WORK INSTRUCTION:
Take the lines below beginning at the line that has "Elegant Vintage Casual" and stopping after the line that has "Reverb send automation", and print them exactly as they are, with no other lines.

MATERIALS PROVIDED:
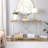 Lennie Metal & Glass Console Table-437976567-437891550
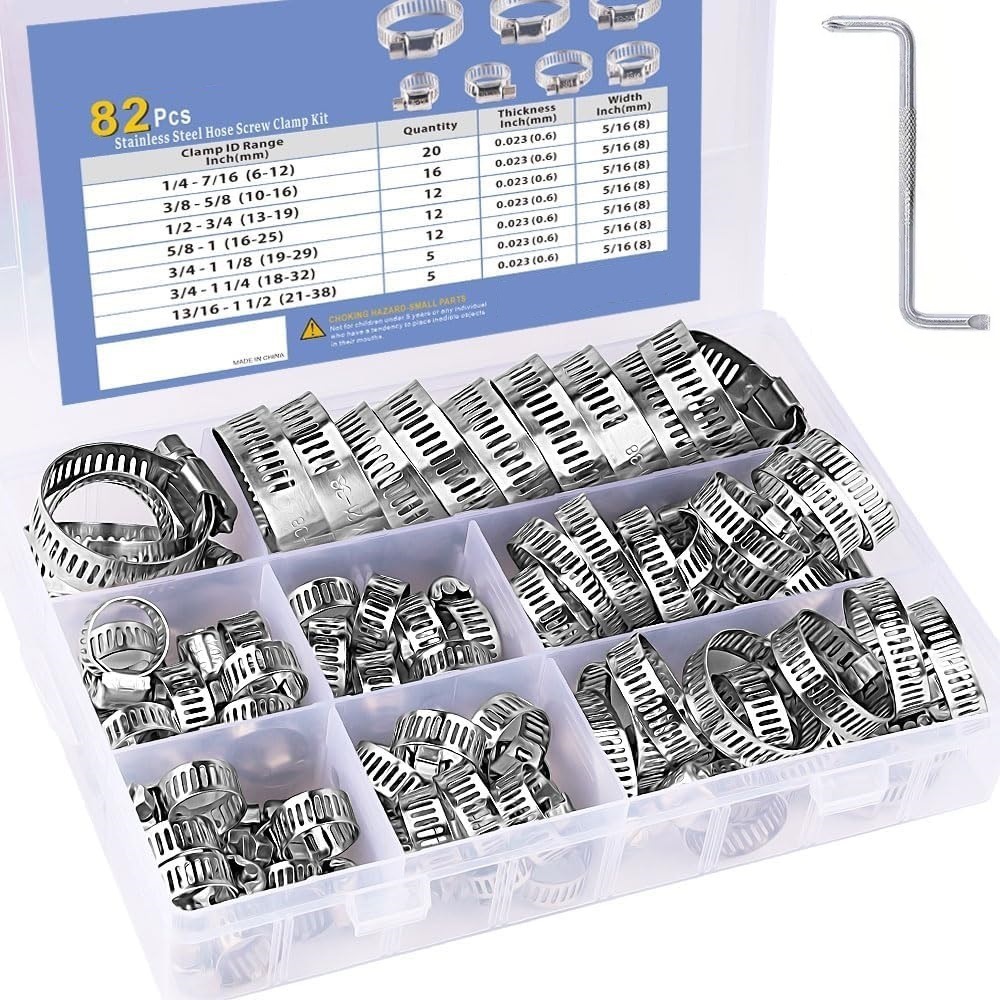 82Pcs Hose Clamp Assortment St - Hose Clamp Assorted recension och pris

* * *

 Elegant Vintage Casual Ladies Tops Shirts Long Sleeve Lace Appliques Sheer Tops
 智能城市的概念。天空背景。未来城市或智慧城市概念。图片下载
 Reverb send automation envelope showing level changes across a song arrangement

YOUR RESPONSE:
 Elegant Vintage Casual Ladies Tops Shirts Long Sleeve Lace Appliques Sheer Tops
 智能城市的概念。天空背景。未来城市或智慧城市概念。图片下载
 Reverb send automation envelope showing level changes across a song arrangement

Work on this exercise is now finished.